Luca Cunti, a forward from Dubendorf, Switzerland and a third-round by the Tampa Bay Lightning in the 2007 NHL Entry Draft, hopes to be able to join the Huskies this fall as well, but must get past the NCAA Clearinghouse first. If he is not deemed to be eligible this fall, he will play with fellow SCSU recruit Drew LeBlanc for the Chicago Steel in the USHL this year.
Defenseman Nic Rioux will probably be on campus this fall, but may have to sit out the upcoming season depending upon his appeal to the NCAA of his enrollment.
Former Minnesota forward Brent Borgen, who was able to practice with SCSU last season but was unable to compete in games because of his transfer from the Golden Gophers to the Huskies, will also join SCSU this fall.
Tuesday, July 17, 2007
Michigan Tech freshman-to-be Casey Pierro-Zabotel, who was a third-round pick by the Pittsburgh Penguins in the 2007 NHL Entry Draft, is hoping to gain eligibility that will allow him to join the Huskies this December, head coach Jamie Russell announced via a press release today.
According to the release, Pierro-Zabotel is considered a partial qualifier according to the NCAA's initial eligibility standards. The Kamloops, B.C. native will continue to play junior hockey during the fall. He finished third in the BCHL in scoring last season with 51 goals and 65 assists.
The earliest he can join the Huskies would be on December 15 for a non-conference series against Northern Michigan.
WCHA Blog's Take: Most onlookers expect the Huskies to build on their strong 2006-07 campaign where they finished in a tie for sixth place and advanced to the WCHA Final Five. Losing Pierro-Zabotel for the first half of the season (at a minimum) is certainly a blow to the Huskies. They have a very tough first-half schedule, which features home conference series with Minnesota State, North Dakota, and St. Cloud State. Additionally, Tech travels to Wisconsin, Minnesota Duluth, and Minnesota for road trips.
The Huskies lost just three seniors off last year's team, so this loss isn't devastating by any means. However, Pierro-Zabotel was thought of by many to be one of the top freshman in the WCHA this year and certainly would have been a boost to a Tech offense that finished seventh in the WCHA last year in conference scoring.
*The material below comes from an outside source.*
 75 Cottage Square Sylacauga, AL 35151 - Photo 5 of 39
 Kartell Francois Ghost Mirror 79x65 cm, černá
Source: PIERRO-ZABOTEL AIMS TO JOIN MICHIGAN TECH HOCKEY TEAM IN DECEMBER
This team is selected based off performances at the recent 2007 USA Hockey Select 17 Player Development Camp, which was held last week in St. Cloud.
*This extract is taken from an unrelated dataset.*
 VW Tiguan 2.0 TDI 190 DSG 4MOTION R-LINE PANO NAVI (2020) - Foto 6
There were seven players who are currently committed to various WCHA schools elected to the team. Others, such as Holy Angels' forward Danny Mattson or St. Thomas Academy goaltender Aaron Crandall, may eventually end up verballing / playing for a WCHA school.
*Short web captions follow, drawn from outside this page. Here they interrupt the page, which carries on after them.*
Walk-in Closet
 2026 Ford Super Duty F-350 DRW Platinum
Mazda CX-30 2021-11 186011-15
G - Brady Hjelle (International Falls) - Minnesota Duluth
D - Jake Gardiner (Minnetonka) - Wisconsin
D - Aaron Ness (Roseau) - Minnesota
F - Mike Cichy (Boston Junior Bruins - EJHL) - North Dakota
F - Nate Dewhurst (Des Moines - USHL) - Denver
F - Jordy Murray (Shattuck-St. Mary's) - Wisconsin
F - Jake Youso (International Falls) - Minnesota
Source: Under-18 Team Announced
I'll try to keep this somewhat updated, since no matter what time of the year it is, there always seems to be some sort of applicable news.
As you can see, the left side of this blog will be devoted to actual blog entries, while on the right side you'll find several links which may be useful to the average WCHA fan. Among other things, links to other WCHA-related blogs and message boards, informational websites, official school websites, and newspaper websites can all be accessed.
It should be noted up front that yes, I am a University of Minnesota fan. However, I feel confident that I'll be able to keep bias out of any factual articles. The WCHA Blog will represent both fact and opinion, and I will do my best to denote the differences between the two. For what it's worth, I do hold a degree in journalism, and do know the importance of keeping a distinction between factual items and opinions.